Long Road to Mercy (Atlee Pine, #1)(95)



But Pine knew this really wasn’t an option. Her fellow feds had been acting weird on this all the way through. The two guys at the airport, if they were feds—and she strongly suspected that was the case—were planning to murder them.

I can’t trust my own people.

It was a gut-wrenching admission.

She hiked to the spot where they had found Sallie Belle. The ground was fairly level here, and there was clearly enough room for a chopper to land. She looked around for evidence of damage or disruption caused by the chopper’s skids or its prop wash. The thing was, in the Canyon things settled back down, or critters came out and made marks and moved things around. Plants grew, water trickled, the wind blew, the rains washed away traces.

There was nothing.

She looked due west, and then to the north.

One would think that every inch of the Canyon had been explored by now, but Pine knew that the vast majority of visitors saw the Canyon only from the South Rim. And from that vantage point, only about 4 percent of the Canyon was visible. The folks who ventured down here had permits to camp in certain spots, and they were told to keep to certain well-marked trails. Almost none of them ventured out into the wild. Even the rafters would go only so far up any of the side canyons, because it was damn rugged and snakes and other biting creatures lurked everywhere. Pine had one ranger tell her that while he’d been there thirty years, he’d only set foot on a small portion of the Canyon.

Pine felt her spirits collapse. Was her plan getting chewed up in the face of the reality on the ground? Did she really think she was going to come down here and, in just a few hours, find Roth and the cave and the nuke?

But she shook off these thoughts and regrouped.

Side canyon. It had to be a side canyon where Roth would have gone. That actually would line up with the navigation points on the flash drive.

She checked her watch. Another hour before the light would start coming. She set out.

The Canyon flattened out near the Colorado; the river had seen to that, of course. Yet when one veered away from the water, the land quickly steepened and there were a great many side canyons down here.

Thirty minutes later she reached the first one. After exploring it as best she could by foot, she pulled out a pair of night optics from her pack and surveyed the rest of the area.

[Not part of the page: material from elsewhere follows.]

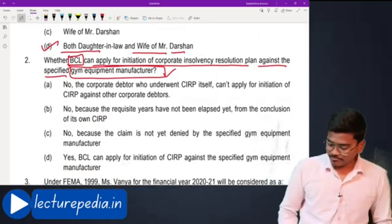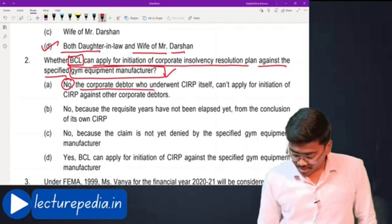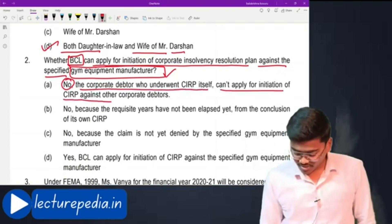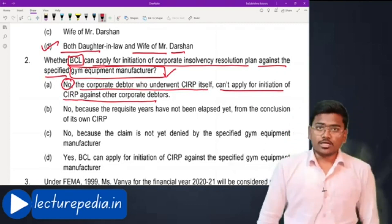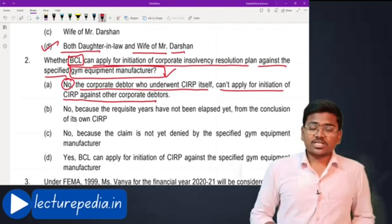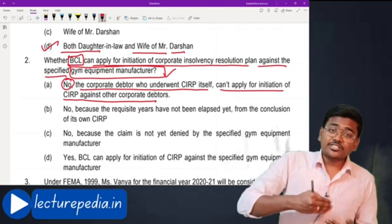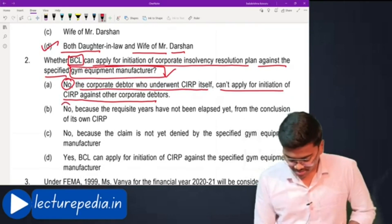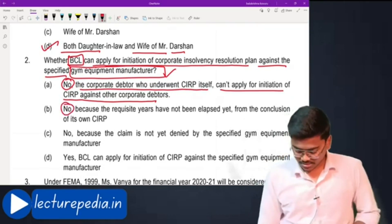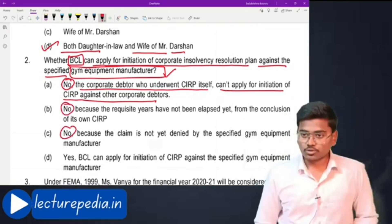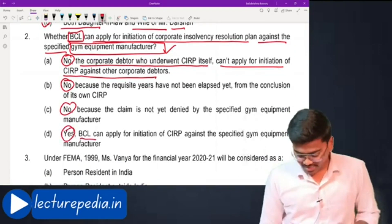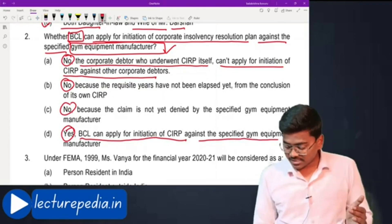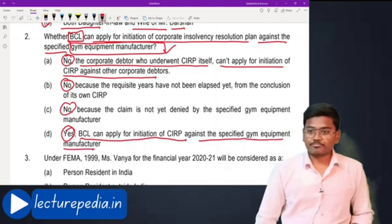One option says no, the corporate debtor who underwent CIRP cannot apply for initiation of CIRP against another corporate debtor — that is incorrect. Even if BCL has undergone CIRP, it can initiate CIRP against another corporate debtor. Options B and C also say no, which are not correct. Option D is correct: yes, BCL can apply for initiation of CIRP against the specified gym equipment manufacturer.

The next moment Pine went into a crouch and slipped her Glock from its holster while she trained her optics onto the entrance to the side canyon.

She had heard the clink of boots on rock.

To her experienced ears, they were not the casual footballs of hikers. The footsteps were too stealthy, not that any sensible hikers would be exploring a side canyon in the middle of the night.

She slid to the right and took up position behind a boulder.

Ten seconds later three men appeared from out of the dark.

She saw them clearly through her optics.

She was pretty sure they weren’t rangers.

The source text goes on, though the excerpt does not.